US 422 Bus. begins at an interchange with the US 222/US 422 freeway (Warren Street Bypass) in the borough of Wyomissing in Berks County. The business route begins at the point US 422 splits from Penn Avenue to merge with northbound US 222 on the Warren Street Bypass, with the business route continuing east as four-lane divided Penn Avenue. After splitting from US 422, the route passes over Norfolk Southern's Harrisburg Line and crosses under US 222 (Warren Street Bypass), with interchange ramps providing access. Past this interchange, the road continues northeast between the railroad tracks to the north and residential areas to the south. US 422 Bus. heads further south from the railroad and continues past a mix of homes and businesses as a two-lane undivided road. The route curves east and passes to the south of commercial development at the former Berkshire Knitting Mills. Past this, the road enters the borough of West Reading and becomes three lanes with a center left-turn lane, passing a mix of homes and businesses before running through the commercial downtown. Farther east, US 422 Bus. passes more businesses, widening to a four-lane divided highway as it crosses under Norfolk Southern's Harrisburg Line #1 before reaching a cloverleaf interchange with the US 422 freeway (West Shore Bypass).

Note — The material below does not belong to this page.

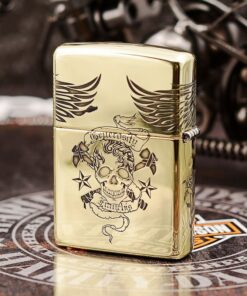 bật lửa zippo họa tiết màu vàng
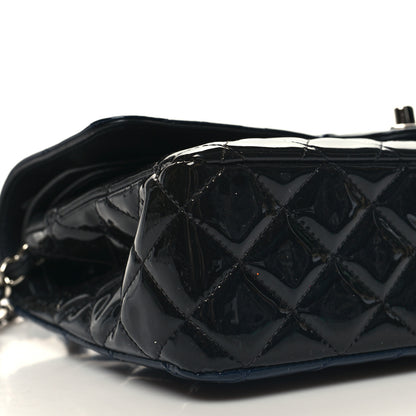 Chanel Patent Calfskin Quilted Bi-Color Medium Double Flap Navy Blue Black 9 of 11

Past the US 422 interchange, the business route crosses the Schuylkill River and then the Schuylkill River Trail on the Penn Street Bridge and enters the city of Reading. Here, US 422 Bus. becomes Penn Street and passes over Norfolk Southern's Spruce Street Industrial Track and River Road near Reading Area Community College before it reaches an intersection with 2nd Street after descending off the bridge. At this point, US 422 Bus. splits into a one-way pair. The eastbound direction heads south on one-way, three-lane South 2nd Street before turning east onto one-way, two-lane Franklin Street while the westbound direction follows one-way, three-lane Washington Street west and one-way, four-lane North 2nd Street south to Penn Street. At the intersection of North 2nd and Washington Streets, westbound US 422 Bus. intersects the southern terminus of PA 183. The business route continues east along the one-way pair of Franklin Street eastbound and Washington Street westbound into the commercial downtown of Reading, intersecting US 222 Bus. at 5th Street. US 422 Bus. heads east, with the westbound direction passing north of the Berks County Courthouse, and crosses Norfolk Southern's Harrisburg Line #2 at-grade eastbound and on a bridge westbound, where the eastbound direction passes north of the former Franklin Street station at the railroad tracks before heading south of the BARTA Transportation Center serving BARTA buses. Following this, the business route heads out of the downtown area, with the westbound direction of Washington Street becoming two lanes. The route heads through urban areas of rowhouses and businesses before it reaches 11th Street. At this point, westbound US 422 Bus. follows one-way North 11th Street northbound between Penn and Washington Street and runs northwest on two-way, two-lane Perkiomen Avenue east of the 11th Street intersection.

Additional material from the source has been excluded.